= Volcker Commission =

Investigation into Swiss bank accounts of Nazi victims

The Volcker Commission, also known as the Independent Committee of Eminent Persons (ICEP), was established in 1996 to investigate the accounts lying dormant since the Second World War in various banks in Switzerland. The committee was headed by former United States Chairman of the Federal Reserve Paul Volcker and was composed of three representatives from the Swiss Bankers Association and three appointed by Jewish organizations.

==Background==

Due to Switzerland's status as a neutral country bordering on Germany and Austria, many Jews fleeing the Holocaust deposited large amounts of money and valuables in Swiss banks. However, when survivors' or victims' heirs tried to recover their money following the war, many faced bureaucratic stonewalling by the banks which often seemed not to recognize the special conditions which had been experienced by Holocaust victims. A number of times after the end of World War II, Swiss banks came under criticism for their behaviour, particularly over the issue of the handling of dormant accounts, most of which were presumed to have belonged to victims of the Holocaust. During the next forty years, a number of rather feeble responses were undertaken. However, during the 1990s it became clear that there was a need for a more robust response to the criticism.

==Memorandum of Understanding==
The Commission was established by a memorandum of understanding on May 2, 1996, between the World Jewish Restitution Organization, the World Jewish Congress and the Swiss Bankers Association. The MOU indicated two objectives for the committee: "(a) to identify accounts in Swiss banks of victims of Nazi persecution that have lain dormant since World War II or have otherwise not been made available to those victims or their heirs; (b) to assess the treatment of the accounts of victims of Nazi persecution by Swiss banks."

==Methodology==
The committee used the services of five independent accounting firms with international reputations who were licensed to audit banks in Switzerland.
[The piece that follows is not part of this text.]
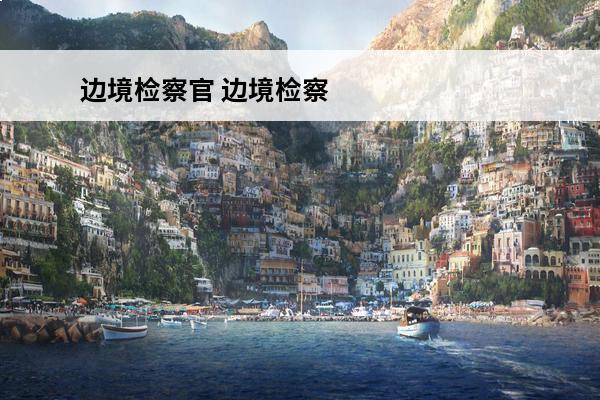 边境检察官 边境检察官游戏怎么玩？(边境游戏在哪玩)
The investigation covered a period of some 60 years, from 1933 to 1995. Some 254 Swiss banks existing in 1945 were investigated, which covered 82% of the banking system. External costs which were borne by the Swiss banks totaled some CHF 300 million and some 650 accountants participated in the study. At the outset, there was a certain uneasiness in some of the banks with such an intrusive process. However, this changed, and the committee was able to report that only one bank, the Banque Cantonale de Geneve, refused to cooperate with the investigation.
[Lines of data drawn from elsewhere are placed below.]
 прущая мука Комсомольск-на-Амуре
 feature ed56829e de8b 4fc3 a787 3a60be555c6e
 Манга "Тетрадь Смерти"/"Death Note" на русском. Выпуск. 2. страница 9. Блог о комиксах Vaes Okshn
The raw materials for the work was provided by identifying all accounts that were open or opened in Swiss banks during the period 1933-1945. This yielded some 4.1 million accounts. There were no remaining records for 2.8 million additional accounts. The account names were compared by computers with the names of Nazi victims drawn from lists held by Holocaust researchers. Secondly, a selective non-automated examination of account-by-account analysis of available documentation.

==Members==
- Ruben Beraja, Avraham Burg, and Ronald S. Lauder were appointed representatives for the World Jewish Restitution Organization, with Zvi Barak and Israel Singer as alternates.
- Curt Gasteyger, Klaus Jacobi, and Pieder Mengiardi were appointed representatives of the Swiss Bankers Association, with Hans J. Baer and Rene Rhinow as alternates.

==Results==
In 1999, the Volcker Commission found 53,886 Swiss bank accounts that likely belonged to victims of the Holocaust, in addition to the 5,570 accounts first discovered during the 1997 self-audit. 10,471 of the newly discovered accounts were Category 1 accounts, which meant that they were matched to the names of known Holocaust victims, or Category 2 accounts, which meant there was probable relationship between the account holder and Nazi persecution. These accounts together contained an estimated value of 31.5 million Swiss Francs, however many accounts lacked necessary fiscal information to make a sound determination. Category 3 and 4 accounts, which had weaker and weakest Holocaust nexus respectively, added 43,415 accounts and 4.2 million Swiss Francs to the tally.

In 1998, a United States class-action lawsuit resulted in a settlement of $1.25 billion by the two largest Swiss banks, which is supposed to cover claims by victims and their heirs.